À l’écoute des premières secondes de Balloon Balloon Balloon, on pourrait croire à une archive oubliée du milieu des années 60. Guitares claires et scintillantes, harmonies vocales naïves, structures courtes et immédiatement mémorisables : tout, ou presque, semble provenir de l’âge d’or de la pop britannique, de jeunes Beatles et leurs amourettes. Et pourtant. Derrière ce sobriquet Sharp Pins se cache Kai Slater, la toute fraîche vingtaine venue directement de Chicago. Le garçon jongle entre ce projet solo, fait de mélodies catchy, et son groupe Lifeguard, plus porté sur les ambiances punk abrasives. Une appétence marquée pour le rock dans toutes ses formes donc et un goût pour la création ultra-productive – c’est le troisième disque qu’il sort officiellement sur l’année 2025.

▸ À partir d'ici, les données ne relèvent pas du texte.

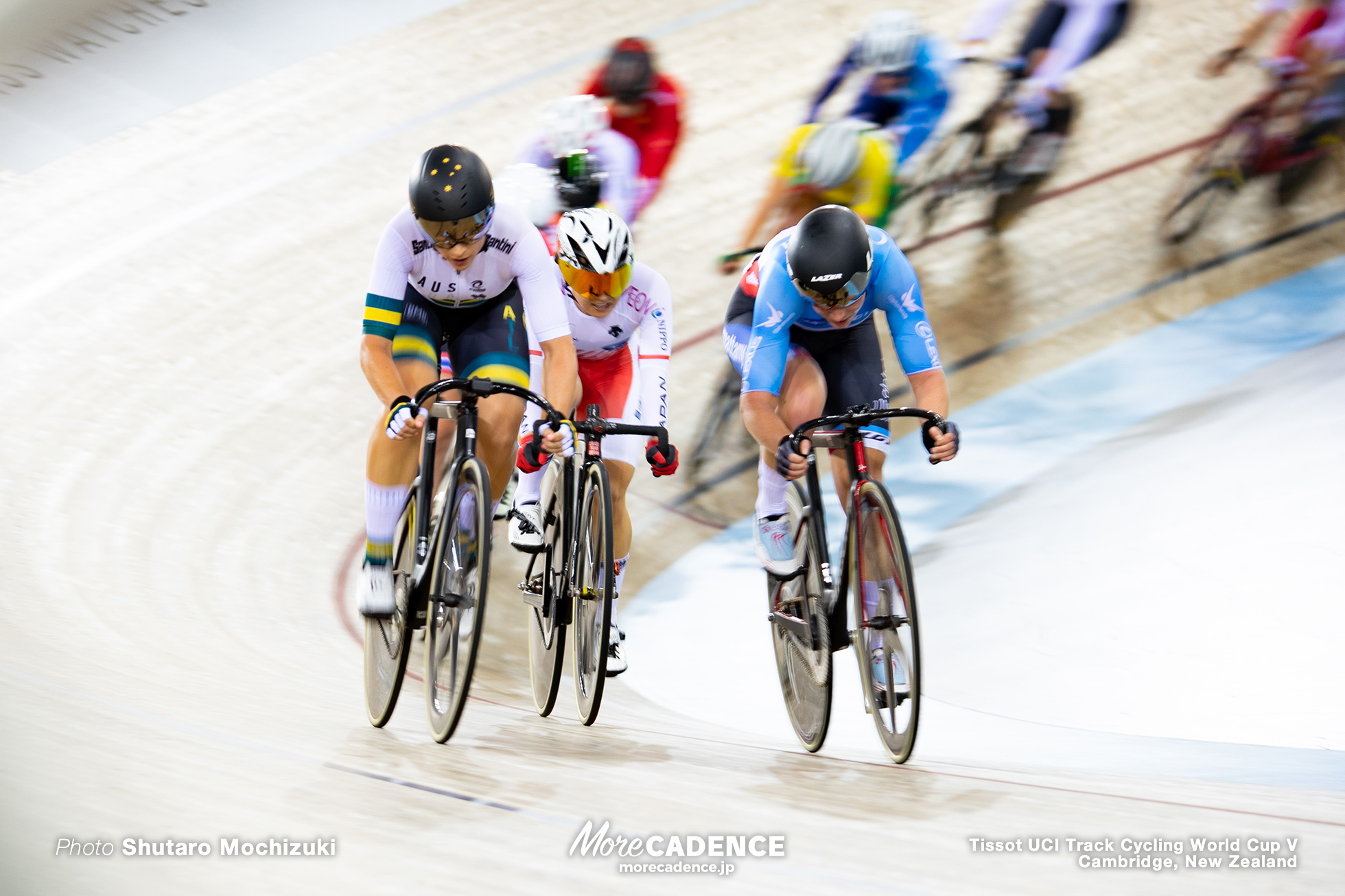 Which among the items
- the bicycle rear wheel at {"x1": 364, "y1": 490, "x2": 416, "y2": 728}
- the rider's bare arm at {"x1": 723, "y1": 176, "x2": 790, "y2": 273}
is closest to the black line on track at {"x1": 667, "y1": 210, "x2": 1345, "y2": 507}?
the rider's bare arm at {"x1": 723, "y1": 176, "x2": 790, "y2": 273}

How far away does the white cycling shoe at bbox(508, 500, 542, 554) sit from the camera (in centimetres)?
322

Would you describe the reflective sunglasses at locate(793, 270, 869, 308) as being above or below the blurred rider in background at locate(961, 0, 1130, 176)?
above

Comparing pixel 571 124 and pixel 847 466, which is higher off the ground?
pixel 571 124

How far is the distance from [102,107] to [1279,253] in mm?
6498

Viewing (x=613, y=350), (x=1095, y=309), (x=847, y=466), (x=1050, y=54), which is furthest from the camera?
(x=1050, y=54)

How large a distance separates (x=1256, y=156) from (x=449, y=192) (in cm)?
536

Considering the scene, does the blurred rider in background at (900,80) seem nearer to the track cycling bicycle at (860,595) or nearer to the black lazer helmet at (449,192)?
the track cycling bicycle at (860,595)

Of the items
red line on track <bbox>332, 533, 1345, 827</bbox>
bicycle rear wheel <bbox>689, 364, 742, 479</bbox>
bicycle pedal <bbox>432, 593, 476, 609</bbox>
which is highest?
bicycle pedal <bbox>432, 593, 476, 609</bbox>

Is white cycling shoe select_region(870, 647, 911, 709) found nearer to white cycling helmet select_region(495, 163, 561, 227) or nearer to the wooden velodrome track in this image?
the wooden velodrome track

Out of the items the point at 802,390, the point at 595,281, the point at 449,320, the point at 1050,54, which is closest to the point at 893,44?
the point at 1050,54

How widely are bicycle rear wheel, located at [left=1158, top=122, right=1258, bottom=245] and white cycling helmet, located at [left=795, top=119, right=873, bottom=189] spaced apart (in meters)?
2.73

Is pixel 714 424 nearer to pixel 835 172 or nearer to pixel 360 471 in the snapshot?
pixel 835 172

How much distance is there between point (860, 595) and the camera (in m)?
2.66

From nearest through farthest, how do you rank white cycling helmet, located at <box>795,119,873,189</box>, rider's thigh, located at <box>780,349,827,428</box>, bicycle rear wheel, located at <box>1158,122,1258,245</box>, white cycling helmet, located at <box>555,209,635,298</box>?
rider's thigh, located at <box>780,349,827,428</box> → white cycling helmet, located at <box>555,209,635,298</box> → white cycling helmet, located at <box>795,119,873,189</box> → bicycle rear wheel, located at <box>1158,122,1258,245</box>
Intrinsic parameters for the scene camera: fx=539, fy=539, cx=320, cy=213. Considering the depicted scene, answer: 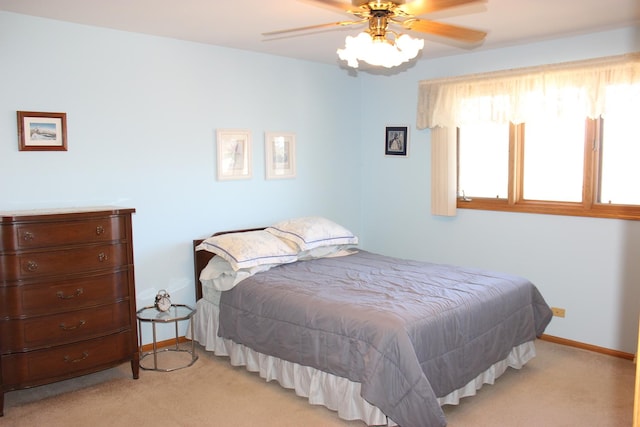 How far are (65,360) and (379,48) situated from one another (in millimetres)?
2548

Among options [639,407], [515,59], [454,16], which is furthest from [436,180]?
[639,407]

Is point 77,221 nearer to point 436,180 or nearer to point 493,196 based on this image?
point 436,180

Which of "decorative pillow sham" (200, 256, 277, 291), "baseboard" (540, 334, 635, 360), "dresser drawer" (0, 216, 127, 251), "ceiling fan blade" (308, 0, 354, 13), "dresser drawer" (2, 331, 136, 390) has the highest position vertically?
"ceiling fan blade" (308, 0, 354, 13)

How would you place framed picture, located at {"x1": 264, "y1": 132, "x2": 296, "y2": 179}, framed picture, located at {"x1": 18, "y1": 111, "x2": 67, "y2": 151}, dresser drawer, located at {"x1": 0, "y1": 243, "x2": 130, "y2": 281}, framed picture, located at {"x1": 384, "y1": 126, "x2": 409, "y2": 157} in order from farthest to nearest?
framed picture, located at {"x1": 384, "y1": 126, "x2": 409, "y2": 157} < framed picture, located at {"x1": 264, "y1": 132, "x2": 296, "y2": 179} < framed picture, located at {"x1": 18, "y1": 111, "x2": 67, "y2": 151} < dresser drawer, located at {"x1": 0, "y1": 243, "x2": 130, "y2": 281}

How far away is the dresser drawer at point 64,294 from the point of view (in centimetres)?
305

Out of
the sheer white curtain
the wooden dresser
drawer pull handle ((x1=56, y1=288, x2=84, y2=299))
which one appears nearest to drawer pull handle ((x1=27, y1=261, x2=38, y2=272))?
the wooden dresser

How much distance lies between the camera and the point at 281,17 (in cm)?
350

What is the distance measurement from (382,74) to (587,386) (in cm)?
327

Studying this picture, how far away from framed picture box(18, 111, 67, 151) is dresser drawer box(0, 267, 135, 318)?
3.08ft

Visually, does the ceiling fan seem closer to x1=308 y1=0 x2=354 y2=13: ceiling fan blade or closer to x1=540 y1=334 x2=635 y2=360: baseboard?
x1=308 y1=0 x2=354 y2=13: ceiling fan blade

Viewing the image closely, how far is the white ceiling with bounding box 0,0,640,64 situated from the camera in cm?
320

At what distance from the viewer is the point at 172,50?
161 inches

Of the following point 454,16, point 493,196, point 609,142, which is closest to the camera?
point 454,16

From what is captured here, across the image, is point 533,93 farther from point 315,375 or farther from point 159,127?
point 159,127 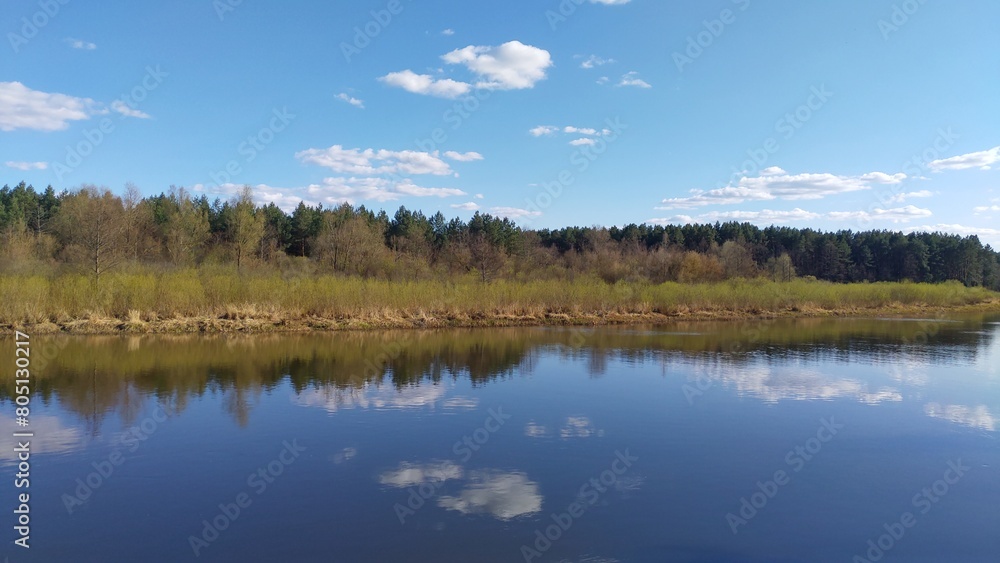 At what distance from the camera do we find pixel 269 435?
1034cm

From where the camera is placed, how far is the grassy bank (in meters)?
23.3

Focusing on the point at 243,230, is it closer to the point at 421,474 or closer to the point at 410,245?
the point at 410,245

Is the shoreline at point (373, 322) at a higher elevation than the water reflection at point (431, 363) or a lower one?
higher

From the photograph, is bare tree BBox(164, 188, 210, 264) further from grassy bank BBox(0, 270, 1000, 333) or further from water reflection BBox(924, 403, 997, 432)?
water reflection BBox(924, 403, 997, 432)

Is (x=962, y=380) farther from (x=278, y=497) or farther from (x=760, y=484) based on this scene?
(x=278, y=497)

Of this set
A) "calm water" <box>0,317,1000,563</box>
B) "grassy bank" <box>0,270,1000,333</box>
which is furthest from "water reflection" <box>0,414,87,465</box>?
"grassy bank" <box>0,270,1000,333</box>

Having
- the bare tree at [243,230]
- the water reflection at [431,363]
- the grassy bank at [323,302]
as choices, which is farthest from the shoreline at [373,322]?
the bare tree at [243,230]

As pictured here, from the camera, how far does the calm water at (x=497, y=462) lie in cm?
662

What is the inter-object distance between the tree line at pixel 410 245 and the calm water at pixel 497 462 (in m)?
18.8

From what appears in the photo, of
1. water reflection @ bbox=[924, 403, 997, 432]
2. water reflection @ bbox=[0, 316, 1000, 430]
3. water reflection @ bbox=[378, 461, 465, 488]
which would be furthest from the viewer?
water reflection @ bbox=[0, 316, 1000, 430]

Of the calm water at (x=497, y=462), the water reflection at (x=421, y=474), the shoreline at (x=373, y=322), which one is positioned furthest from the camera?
the shoreline at (x=373, y=322)

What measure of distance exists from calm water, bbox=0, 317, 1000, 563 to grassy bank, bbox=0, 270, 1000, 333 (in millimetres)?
6035

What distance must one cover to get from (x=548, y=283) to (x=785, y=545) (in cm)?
2924

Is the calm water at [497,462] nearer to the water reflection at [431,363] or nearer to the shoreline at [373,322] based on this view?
the water reflection at [431,363] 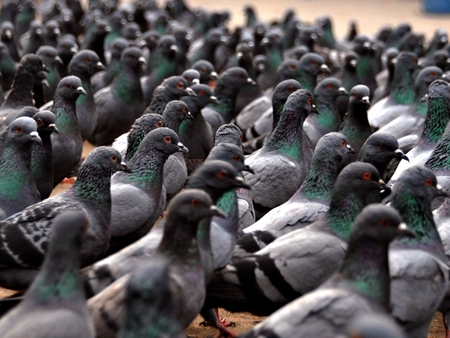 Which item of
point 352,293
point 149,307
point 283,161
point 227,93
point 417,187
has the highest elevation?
point 149,307

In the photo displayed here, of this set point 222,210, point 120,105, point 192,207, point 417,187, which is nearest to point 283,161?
point 222,210

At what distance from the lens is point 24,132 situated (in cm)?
797

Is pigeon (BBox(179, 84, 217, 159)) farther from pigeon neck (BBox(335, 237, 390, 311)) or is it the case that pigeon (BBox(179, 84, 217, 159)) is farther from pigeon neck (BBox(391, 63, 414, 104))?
pigeon neck (BBox(335, 237, 390, 311))

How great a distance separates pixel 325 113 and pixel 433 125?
214 centimetres

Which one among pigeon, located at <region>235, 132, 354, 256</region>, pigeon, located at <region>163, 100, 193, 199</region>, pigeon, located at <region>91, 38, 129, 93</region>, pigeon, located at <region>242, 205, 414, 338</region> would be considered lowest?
pigeon, located at <region>91, 38, 129, 93</region>

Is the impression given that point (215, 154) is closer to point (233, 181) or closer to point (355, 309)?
point (233, 181)

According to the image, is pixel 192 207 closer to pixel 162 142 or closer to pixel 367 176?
pixel 367 176

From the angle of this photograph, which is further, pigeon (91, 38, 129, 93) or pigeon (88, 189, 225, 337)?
pigeon (91, 38, 129, 93)

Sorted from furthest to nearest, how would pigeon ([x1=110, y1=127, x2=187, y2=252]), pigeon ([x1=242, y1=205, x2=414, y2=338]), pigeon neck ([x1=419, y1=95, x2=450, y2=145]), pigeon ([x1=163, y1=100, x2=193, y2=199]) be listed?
pigeon neck ([x1=419, y1=95, x2=450, y2=145])
pigeon ([x1=163, y1=100, x2=193, y2=199])
pigeon ([x1=110, y1=127, x2=187, y2=252])
pigeon ([x1=242, y1=205, x2=414, y2=338])

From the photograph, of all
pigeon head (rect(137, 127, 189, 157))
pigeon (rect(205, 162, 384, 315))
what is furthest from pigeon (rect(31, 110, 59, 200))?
pigeon (rect(205, 162, 384, 315))

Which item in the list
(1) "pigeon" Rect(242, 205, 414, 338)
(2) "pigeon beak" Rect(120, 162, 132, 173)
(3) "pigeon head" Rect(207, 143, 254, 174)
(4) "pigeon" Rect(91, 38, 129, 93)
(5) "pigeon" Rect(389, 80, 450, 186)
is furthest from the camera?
(4) "pigeon" Rect(91, 38, 129, 93)

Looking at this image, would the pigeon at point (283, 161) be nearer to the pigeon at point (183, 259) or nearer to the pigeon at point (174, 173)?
the pigeon at point (174, 173)

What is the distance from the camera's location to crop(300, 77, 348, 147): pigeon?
1097cm

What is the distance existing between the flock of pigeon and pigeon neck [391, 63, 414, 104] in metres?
0.03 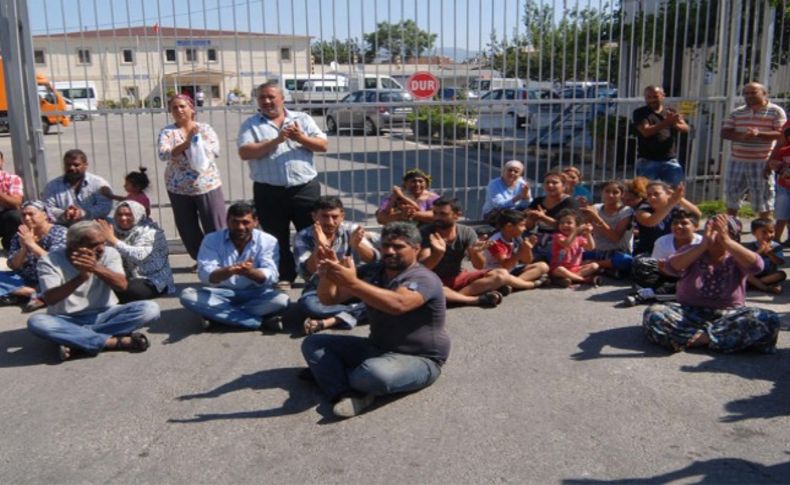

La focale est ici fixée sur le dernier en date avec un hommage appuyé aux chansons d’amour à la sauce vintage, de la structure des morceaux jusqu’à leur technique d’enregistrement. Guitares 12 cordes, ambiance rétro, enregistrements granuleux, prise de son imparfaite et une approche résolument artisanale, lo-fi, volontairement sale, très « cassette ». Le mimétisme est réellement confondant. Slater connaît ses classiques et sait s’appuyer dessus pour revendiquer pleinement une esthétique.


Toute la première partie du disque est une démonstration sans équivoque. De l’introductif Popafangout à I Don’t Have the Heart jusqu’à (I Wanna) Be Your Girl, on est dans la DeLorean de Doc, un demi-siècle en arrière. On pense The Byrds, Beach Boys et consorts, ressorti du placard par un gamin assez épatant dans un exercice de revival forcément appréciable mais dont on peut légitimement se demander si l’artifice n’atteint pas rapidement ses propres limites.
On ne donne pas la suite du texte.